Cool school tools
Trendy students toss the pencil and paper for the newest electronic gizmos
Forget passing notes in class—this is the new millennium, and today’s students are using radio waves and tiny keyboards for the standard schoolyard rumor mill.
In the brave new world of the classroom, the must-have gadgets seem to have changed as much as the electronics industry that supplies so many of today’s most popular gadgets. So while their parents are checking their stocks on their ubiquitous Palm Pilots, their school-age kids are sending and receiving e-mails on the new text-receiving pagers clipped onto many of their belts.
There are new must-have toys and gadgets every year aimed at kids (remember Cabbage Patch Kids, sticker collections, transformers and Pokémon?), and this year two-way pagers, Dragonball Z and Digimon cartoon paraphernalia, and Game Boy Advanced systems have a lot of kids (and young adults) in a buying frenzy.
Just ask Software Etc. manager Steve Dean.
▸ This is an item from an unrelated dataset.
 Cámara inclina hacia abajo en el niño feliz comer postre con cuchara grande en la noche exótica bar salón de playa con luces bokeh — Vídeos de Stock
He said he’s selling so many of the Game Boy Advanced systems that he can hardly keep them in stock.
“I get in, like, eight a week, and they’re out in the door as fast as they come in,” Dean said. “Those are really popular right now.”
The Game Boy Advanced system, he said, is a hand-held gaming machine with a color screen that allows users to play video games wherever they are.
“Kids love them,” Dean said, adding that customers from ages 6 to 26 are buying the systems, which cost $100 a pop.
Although it’s mostly boys who seem to want the new Game Boys, Dean said they’re increasingly marketed toward girls.
“They come in all different colors,” he said. “There’s even a pink one. The girls who come in, they mostly buy that one.”
Thomas Allen, a salesman at Toys R Us, agreed that electronic toys seem to be the top sellers this year.
"[The Game Boys] come in, they go right out,” he said. “Everyone wants one. … Pokémon is pretty passé now.”
While it’s still mainly boys who long for Game Boy Advanced systems, it’s mainly teenage girls who are going crazy for new two-way messengers. The pagers, which were introduced last year, allow users to send and receive text messages and emails via a pager. Florentino Pano, a sales associate at Radio Shack, said they are very popular right now.
“They’re pretty handy,” he said. “People bring them to school, and they can send messages from anywhere to their friends, like ‘Meet me for lunch’ or ‘Did you hear about…?’ They like them.”
At a cost of $160, plus activation and monthly service fees, the pagers aren’t cheap. Still, said Pano, teenagers (mostly girls between the ages of 14 and 18, with some college students) are buying them up as fast as they hit the shelves.
As popular as some of the new electronic toys and tools may be, they’re not allowed at any of the schools in the Chico Unified School District. Beverly Patrick, an office manager at Marigold Elementary School who has a 16-year-old and a sixth-grader, said that when teachers notice “non-school-related items,” they’re taken away until the end of the day.
“A lot of it is safety,” Patrick said. “We don’t want kids to bring these expensive toys to school and then have something happen to them or have them stolen.”
She said it doesn’t happen often that students break the rules, “but it does happen.”
Patrick said one trend she’s noticed that her sixth-grade son has taken to is collecting the paraphernalia from the cartoon “Dragonball Z.”
“It’s pretty popular with the younger kids right now," she said. "They want the action figures and the toys and the little figurines … just as long as it’s not Pokémon. He says that Pokémon is for babies."